Ao contrário do que pensamos, a pizza não caiu bem no estômago de Mau! Fizemos os 22km de mountain bike mais longos das nossas vidas, dos últimos tempos! Depois de cada subida, independente da sua magnitude, o Pitstop completo. Maurício fez uma verdadeira demarcação de terra em Ibirapitanga. Gracinhas à parte, a coisa ficou bem séria. Acredito que não tinha mais nada pra sair da barriga dele, exceto líquido. Ou seja, a desidratação estava acontecendo.
Encontrar os PCs 8, 9 e 10 foi a coisa mais fácil que fizemos naquela madrugada, apesar das subidas intermináveis. O desafio foi psicológico pra equipe inteira! A cada parada, o frio e o sono chegavam mais pertinho. Menos pra mim, porque depois dos 50 anos nunca mais senti o mesmo frio que todo mundo sente.
Então começamos a ponderar mais uma vez a possibilidade de pedirmos resgate, inclusive, cogitamos nos separar, mas, no fim das contas, decidimos mandar recado pelos meninos da Azimute da Caatinga que estavam pertinho da gente, só pro povo saber que a porra tava pegando pro nosso lado. As olheiras escuras e profundas de Maurício sinalizavam que a gente realmente já estava passando dos limites.
Seguimos devagar, o dia foi amanhecendo. Acabamos passando direto pela entrada da AT4 (sem querer mesmo) e chegando até o asfalto. Pra nossa surpresa, uma pick-up passou bem devagar e o motorista ficou nos olhando curioso. O que será que ele pensou, hein?!
Sei que Vitor gritou:
– Moço, tá indo pra Ibirapitanga?
– Tô! – Respondeu ele.
– Leva esse cara aí que ele tá passando mal! – Pediu Vitor com a cara de pau dele.
E foi assim que o motorista saiu do carro, colocou a bicicleta de Maurício na carroceria e levou nosso amigo embora. O carro foi sumindo no horizonte… Nós fomos pedalando os últimos 9km de asfalto, como se não houvesse amanhã.

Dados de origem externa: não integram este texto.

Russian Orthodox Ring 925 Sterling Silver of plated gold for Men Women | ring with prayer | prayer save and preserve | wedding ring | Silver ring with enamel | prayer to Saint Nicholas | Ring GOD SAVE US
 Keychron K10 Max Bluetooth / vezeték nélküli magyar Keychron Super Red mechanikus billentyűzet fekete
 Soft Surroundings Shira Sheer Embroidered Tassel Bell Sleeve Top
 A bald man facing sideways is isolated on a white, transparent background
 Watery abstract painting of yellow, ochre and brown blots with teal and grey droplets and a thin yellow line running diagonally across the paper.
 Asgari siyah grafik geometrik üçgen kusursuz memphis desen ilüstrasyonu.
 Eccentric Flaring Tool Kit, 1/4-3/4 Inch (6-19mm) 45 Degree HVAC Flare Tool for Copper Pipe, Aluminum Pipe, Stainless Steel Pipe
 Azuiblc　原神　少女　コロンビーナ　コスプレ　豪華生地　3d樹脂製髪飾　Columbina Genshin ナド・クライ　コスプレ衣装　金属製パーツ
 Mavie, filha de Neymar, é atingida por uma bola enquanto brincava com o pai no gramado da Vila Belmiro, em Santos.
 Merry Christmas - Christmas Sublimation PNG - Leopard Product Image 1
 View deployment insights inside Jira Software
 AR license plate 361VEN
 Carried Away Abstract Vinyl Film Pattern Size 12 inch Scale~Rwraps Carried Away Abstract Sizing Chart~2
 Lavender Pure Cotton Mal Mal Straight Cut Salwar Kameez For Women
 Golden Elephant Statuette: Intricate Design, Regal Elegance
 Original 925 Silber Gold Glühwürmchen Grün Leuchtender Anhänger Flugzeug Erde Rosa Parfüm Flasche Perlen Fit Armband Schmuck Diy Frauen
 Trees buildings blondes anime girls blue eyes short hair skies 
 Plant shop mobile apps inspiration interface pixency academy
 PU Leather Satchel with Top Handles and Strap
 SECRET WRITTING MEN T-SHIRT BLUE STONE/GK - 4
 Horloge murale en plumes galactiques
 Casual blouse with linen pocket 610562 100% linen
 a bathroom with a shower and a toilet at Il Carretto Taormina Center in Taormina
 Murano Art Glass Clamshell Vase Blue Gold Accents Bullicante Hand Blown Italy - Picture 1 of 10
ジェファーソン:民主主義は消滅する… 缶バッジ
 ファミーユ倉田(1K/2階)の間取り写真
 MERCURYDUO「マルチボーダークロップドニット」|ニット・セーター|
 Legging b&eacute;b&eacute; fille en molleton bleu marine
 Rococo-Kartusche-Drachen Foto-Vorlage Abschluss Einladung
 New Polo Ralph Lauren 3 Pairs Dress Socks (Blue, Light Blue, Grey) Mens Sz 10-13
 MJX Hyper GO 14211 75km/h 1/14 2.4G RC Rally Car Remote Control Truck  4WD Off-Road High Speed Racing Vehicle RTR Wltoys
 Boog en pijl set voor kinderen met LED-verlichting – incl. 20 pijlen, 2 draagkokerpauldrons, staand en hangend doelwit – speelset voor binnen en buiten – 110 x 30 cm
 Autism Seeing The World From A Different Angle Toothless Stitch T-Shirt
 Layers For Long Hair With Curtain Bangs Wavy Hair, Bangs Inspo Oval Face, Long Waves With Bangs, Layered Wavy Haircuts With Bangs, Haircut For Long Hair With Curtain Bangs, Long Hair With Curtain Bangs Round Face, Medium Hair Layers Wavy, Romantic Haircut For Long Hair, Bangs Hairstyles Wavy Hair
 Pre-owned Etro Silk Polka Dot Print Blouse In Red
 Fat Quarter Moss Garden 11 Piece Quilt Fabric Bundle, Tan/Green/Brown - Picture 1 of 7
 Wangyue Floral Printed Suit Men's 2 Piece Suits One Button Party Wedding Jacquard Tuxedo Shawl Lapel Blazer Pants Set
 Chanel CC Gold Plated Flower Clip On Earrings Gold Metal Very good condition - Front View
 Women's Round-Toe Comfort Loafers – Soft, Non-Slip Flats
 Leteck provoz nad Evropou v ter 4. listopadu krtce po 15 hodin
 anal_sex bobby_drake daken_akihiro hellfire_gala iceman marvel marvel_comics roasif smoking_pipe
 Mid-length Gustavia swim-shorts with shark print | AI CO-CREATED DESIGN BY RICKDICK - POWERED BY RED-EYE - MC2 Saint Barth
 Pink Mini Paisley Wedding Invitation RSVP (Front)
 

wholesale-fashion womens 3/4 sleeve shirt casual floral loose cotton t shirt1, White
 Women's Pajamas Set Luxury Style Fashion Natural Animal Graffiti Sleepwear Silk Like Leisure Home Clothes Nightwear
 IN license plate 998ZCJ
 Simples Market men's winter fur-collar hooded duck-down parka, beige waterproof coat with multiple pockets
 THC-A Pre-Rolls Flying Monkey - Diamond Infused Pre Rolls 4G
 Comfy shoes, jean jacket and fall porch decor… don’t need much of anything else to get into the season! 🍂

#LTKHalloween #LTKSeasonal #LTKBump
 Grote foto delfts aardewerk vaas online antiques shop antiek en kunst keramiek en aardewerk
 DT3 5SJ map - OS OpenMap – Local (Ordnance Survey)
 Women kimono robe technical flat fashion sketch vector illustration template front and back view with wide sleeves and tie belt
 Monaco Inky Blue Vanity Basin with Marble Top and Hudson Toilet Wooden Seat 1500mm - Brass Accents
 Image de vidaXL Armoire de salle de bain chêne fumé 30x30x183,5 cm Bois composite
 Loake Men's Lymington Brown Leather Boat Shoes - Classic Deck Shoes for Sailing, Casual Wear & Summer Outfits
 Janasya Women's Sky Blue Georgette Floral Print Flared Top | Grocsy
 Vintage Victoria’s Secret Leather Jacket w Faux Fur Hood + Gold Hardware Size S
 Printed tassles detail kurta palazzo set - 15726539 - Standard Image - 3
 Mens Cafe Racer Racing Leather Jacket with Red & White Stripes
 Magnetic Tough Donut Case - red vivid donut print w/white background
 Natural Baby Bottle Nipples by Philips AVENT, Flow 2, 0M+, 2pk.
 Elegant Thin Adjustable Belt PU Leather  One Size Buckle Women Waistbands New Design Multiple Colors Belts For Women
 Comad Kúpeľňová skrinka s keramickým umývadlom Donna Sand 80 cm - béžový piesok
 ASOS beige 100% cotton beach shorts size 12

Chegamos em Ibirapitanga desfalcados, mas inteiros, refletindo se demos sorte ou azar de pegar o caminho errado, e ainda encontrar uma carona pra Maurício no exato momento em que atravessávamos a pista.
…
Pensamento na minha cabeça:
“Gente, porque não me levaram também? Eu sou mulher!!! Que sacanagem! Ah, eu não queria ser resgatada mesmo! 😂”
…
A desistência é de embrulhar o estômago! Desistir de uma prova de Corrida de Aventura nos leva a reflexões profundas sobre como as coisas poderiam ter sido diferentes se certos eventos não tivessem ocorrido. Seria muito bom se não fosse necessário, mas muitas vezes é uma atitude corajosa quando reconhecemos nossos limites e priorizamos nossa segurança.
E “SE” a gente tivesse feito tal coisa??… Esqueça isso! Em nossa última chance daquelas 24 horas, fizemos tudo que achamos que era o melhor a fazer.
Não posso finalizar esse textão sem agradecer aos meus parceiros de equipe, por essa prova, pela dedicação, apoio e espírito de equipe demonstrados em cada momento. Com destaque especial pro nosso pequeno gigante, Lucas, que deu um show de maturidade e força no auge dos seus 23 anos, no começo de sua carreira esportiva.
Arnaldo e toda equipe, valeu demais! Foi uma prova incrível! Percurso massa, receptividade, logística, staff alinhado, cidade acolhedora, alojamento grátis! Arrasou!
Adorei encontrar todo mundo! Até a próxima Aventura!